## Try it
Beginning with the line that contains "Venta De Amplio Apartamento Monterrey", transcribe the rest of the listing below exactly, including its last line, and exclude any pictures.

## Information supplied
======
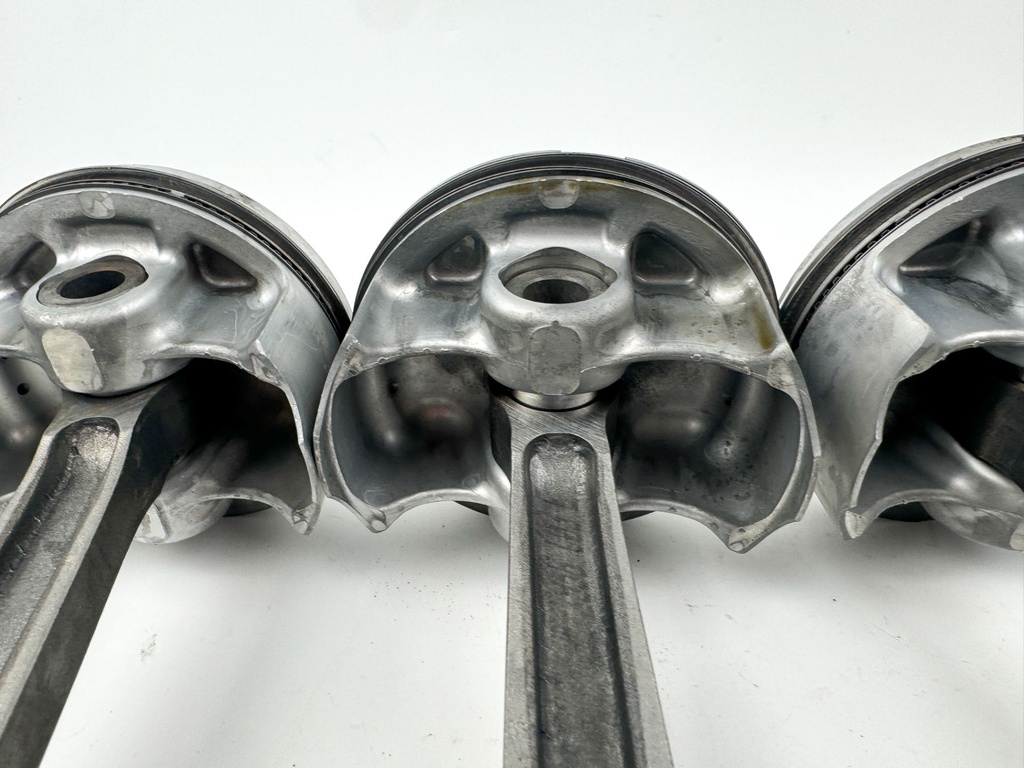 2005 Yamaha 150HP 4 Stroke Outboard Piston & Connecting Rod Set 63P-W1164-01-00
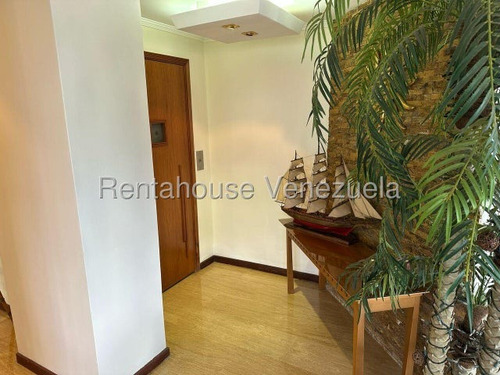 Venta De Amplio Apartamento Monterrey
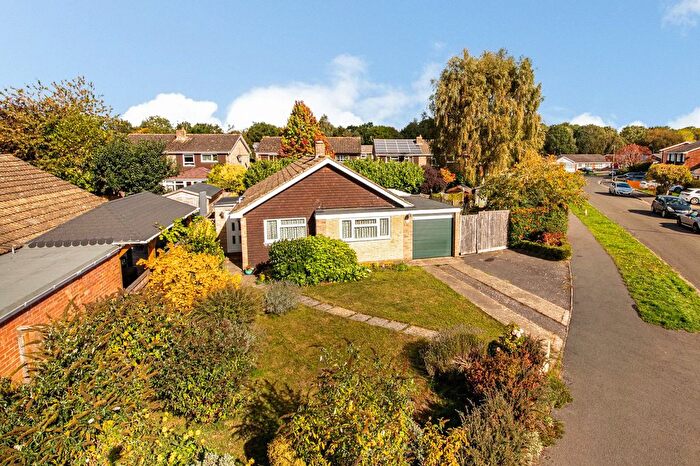 2 Bedroom Detached Bungalow For Sale In Blandy Avenue, Southmoor, OX13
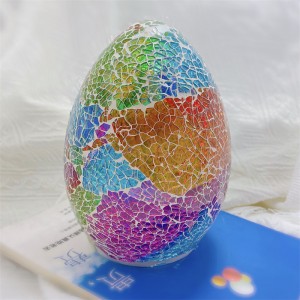 Velykų dienos stiklinis kiaušinių ornamentas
======
## Task answer
 Venta De Amplio Apartamento Monterrey
 2 Bedroom Detached Bungalow For Sale In Blandy Avenue, Southmoor, OX13
 Velykų dienos stiklinis kiaušinių ornamentas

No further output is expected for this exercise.